I've always maintained that the housing market is different than the non-commercial sectors because of the importance of psychology: in other words, most investors in commercial real estate don't fall in love with their holdings (although I'm sure there are exceptions).
Writing last week in the L.A Times, syndicated columnist Kenneth Harney argues that 2008 will be the year that buyer psychology hits bottom and then starts to rebound:
Even through the grimmest headlines of 2007, there were a number of positive underlying economic forces propping up real estate. If those forces continue, they should help cut the time needed for the correction cycle to bottom out and the historically inevitable recovery cycle to begin...
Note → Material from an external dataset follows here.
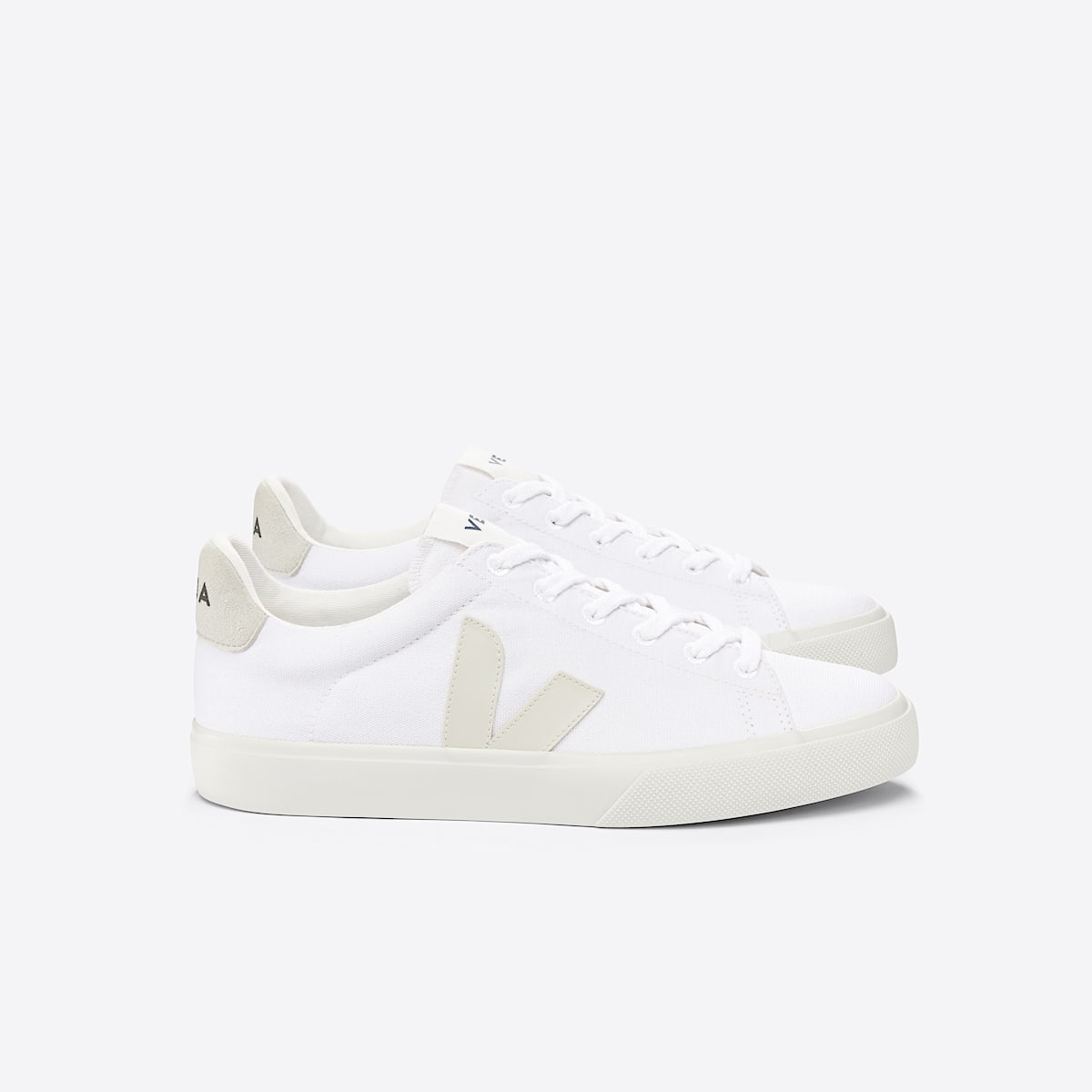 VEJA Campo Canvas White Pierre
Steady, moderate growth of jobs, economic expansion and low inflation also helped the national housing market in 2007 and could do the same in 2008. By the way, despite all the scary statistics, sales of existing and new homes in 2007 totaled an estimated 6.5 million, which would make it the fifth-largest sales year in U.S. real estate history...
At some point in every correction cycle, even in the most depressed markets, consumer psychology begins to change. People who need or want houses look around, see lower prices, affordable financing, and say: "Hey, this is a smart time to buy." The cycle has done its work.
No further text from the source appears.